The love triangle between the three teenagers finally received some plot development. One of the main ships officially become canon in the face of Nancy and Jonathan finally hooking up after perhaps the most romantically tense scene I have recently seen. It is amusing to see Jonathan, the antisocial stalker whose relationship with Nancy began with him taking her pictures without her consent finally entering in, I must say, a pretty strong bond in just under a year. I guess it goes to show how hardships, especially those dealing with eldritch abominations can have a unifying effect on people with different personalities.
There were a few new entries when it comes to the characters. Max was a shocking contrast from Eleven for the boys as unlike a feral child who couldn’t properly communicate in English, Max was up to date with modern tech and could wipe the floor with our beloved ‘nerds’ when it comes to video game arcades. The reactions of the boys ranged from endearment from Lucas and Dustin to frustration from Mike. I will probably have to side with Mike here because the character could not do justice to her role as an Eleven surrogate in the boys’ group. On the contrary, I found most of her interactions with Dustin and Lucas pretty cliched with all the sudden awkwardness and attempts to woo her.
After Max, we soon meet and immediately start disliking her charming (going by the number of girls gawking at him) and really violent brother, Billy. Soon, we learn that his exceedingly violent tendencies are due to (surprise, surprise) daddy issues. However, I couldn’t see him beyond a one-dimensional character whose only role was to make us sympathetic towards others, such as Steve in the fight scene.
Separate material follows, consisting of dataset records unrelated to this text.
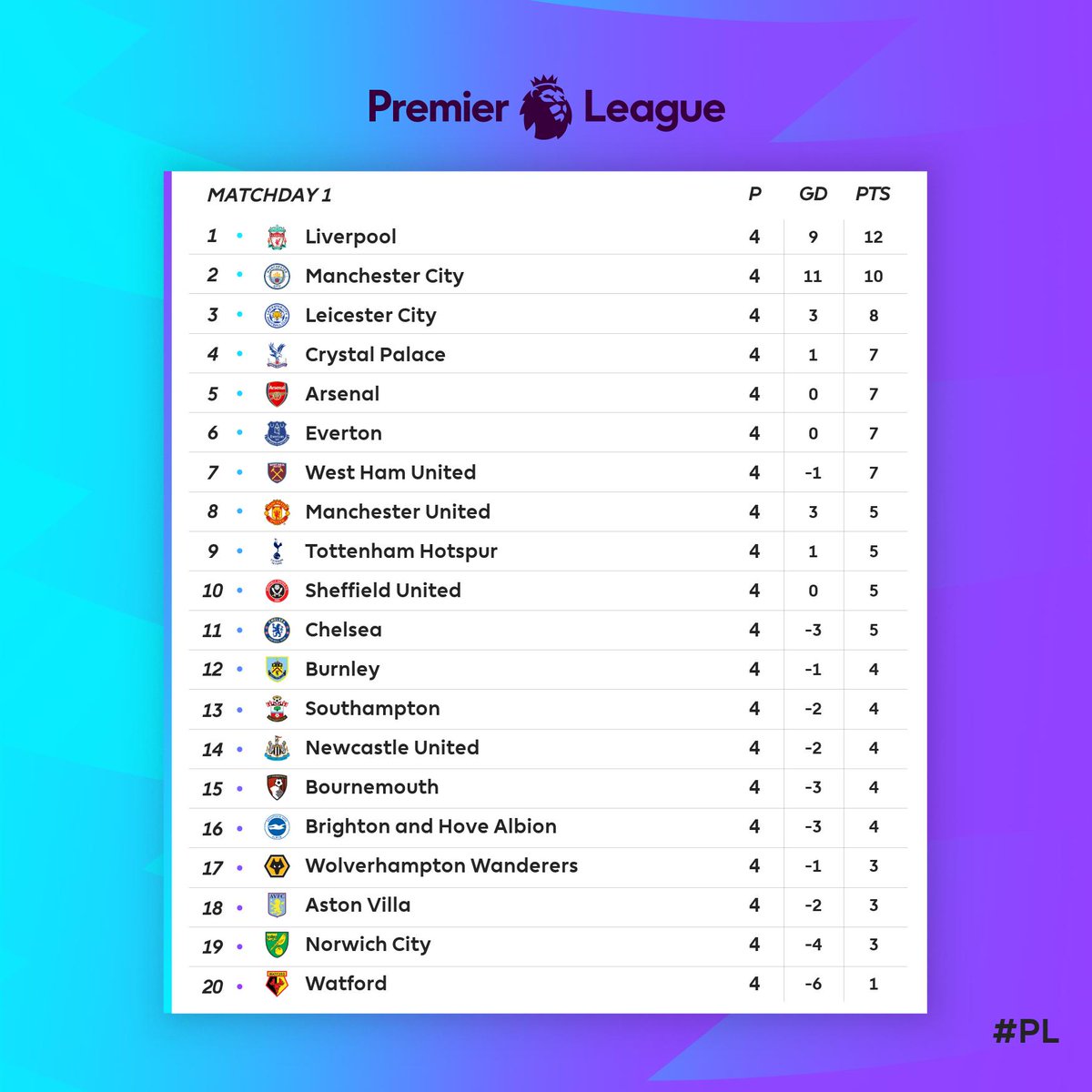 Premier League Here S How The Pl Table Looks After A Cracking Weekend Of Action Mondaymotivation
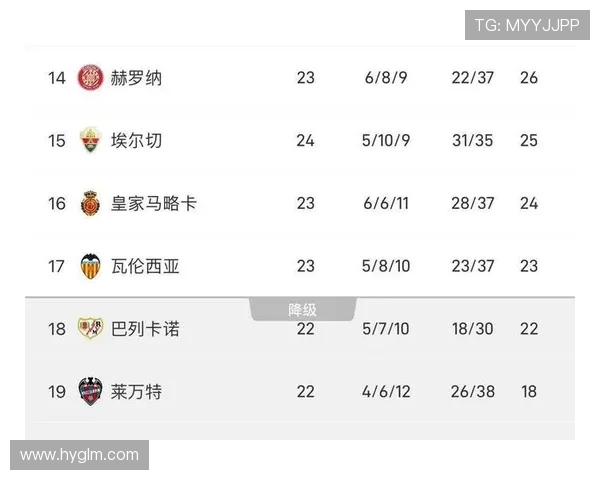 西甲联赛各年份积分榜趋势与变迁 西甲联赛各年份积分榜趋势与变迁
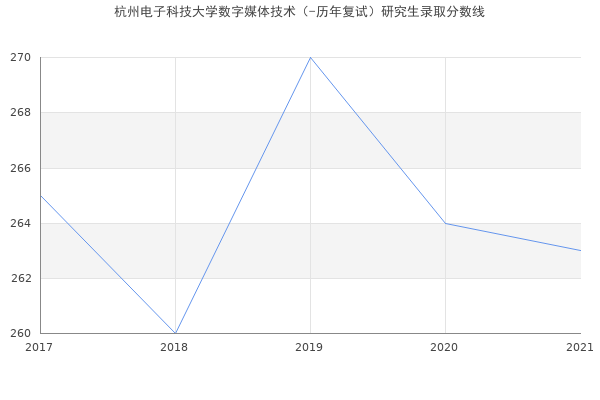 杭州电子科技大学数字媒体技术（-历年复试）研究生录取分数线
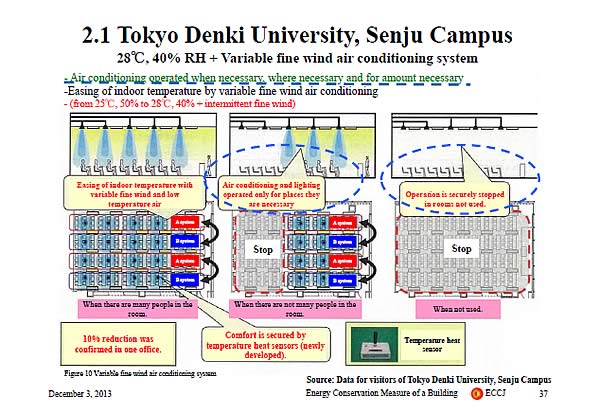 2.1 Tokyo Denki University, Senju Campus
His role was a typical ‘bad boy’ and with the vintage ‘79 Camaro, he certainly had the wheels for that role.
Talking about wheels, let’s talk about the new third wheel. I like how Steve’s character grew from someone who indirectly led to Barb’s death last season to a really sympathetic guy who is even willing to put his life on the line o protect the kids.
In conclusion, despite brilliant acting by the primary cast, Season 2 does not live up to its hype. While I finished it in one sitting, it was not the breath of fresh air in the sense as Season 1 was for me. Still, I would recommend others to watch the season but slightly lower your expectations and skip episode seven (you won’t miss anything).